**Directions for this task**
Repeat nothing but the line that contains "oceanside Underwear Organizer, Underwear" and the lines after it, through the end of the listing, exactly as they stand; omit pictures.

**Stored data**
§ §

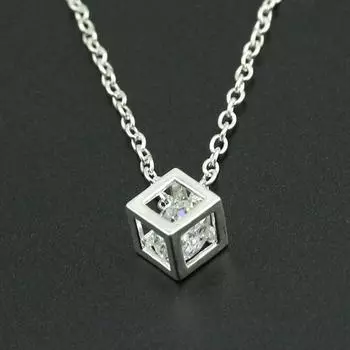 Трехмерное ожерелье «Куб счастья» Модное ожерелье-цепочка в виде коробки Персонализированные аксессуары MIT золотой
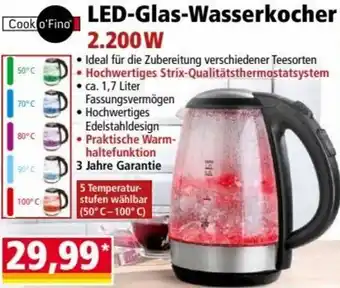 Norma Cook o'Fino LED Glas Wasserkocher 2.200 W Angebot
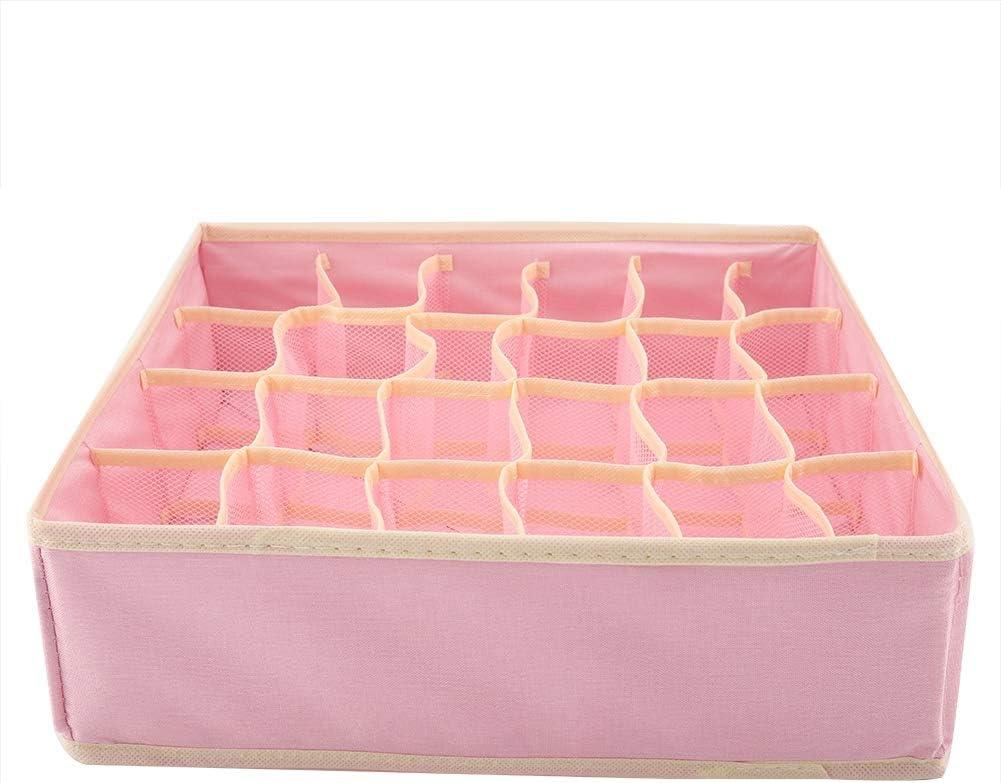 oceanside Underwear Organizer, Underwear Divider Closet Organizer Bra Ties Socks Container Storage Boxes(Pink)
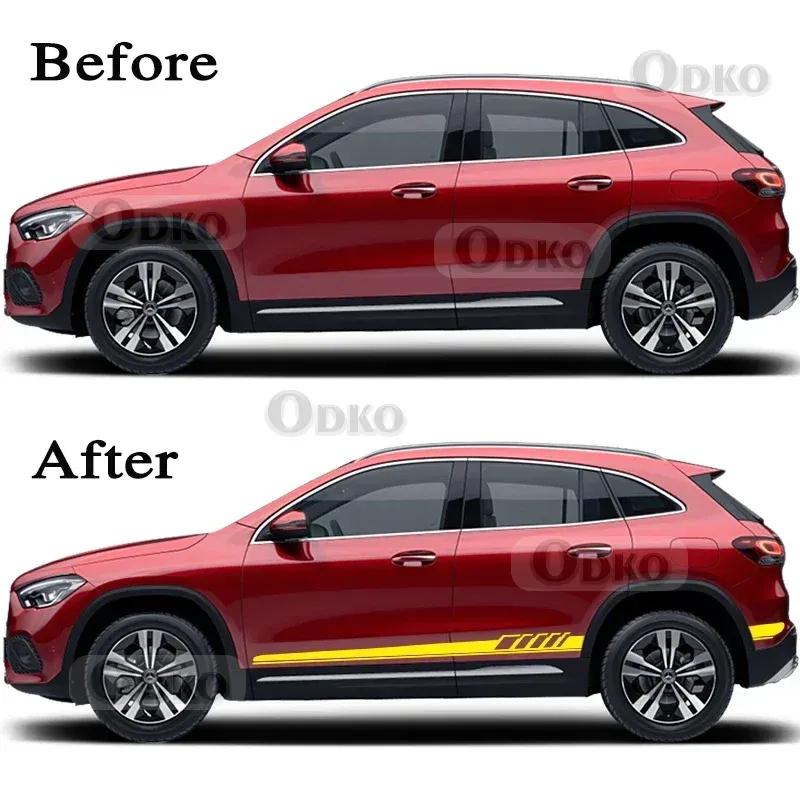 Car Door Side Skirt Stripe Sticker Decal For Mercedes Benz GLE GLK ML Class AMG W164 W166 GLE350 GLE400 GLK350 ML350 Accessories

§ §

**Exercise output**
 oceanside Underwear Organizer, Underwear Divider Closet Organizer Bra Ties Socks Container Storage Boxes(Pink)
 Car Door Side Skirt Stripe Sticker Decal For Mercedes Benz GLE GLK ML Class AMG W164 W166 GLE350 GLE400 GLK350 ML350 Accessories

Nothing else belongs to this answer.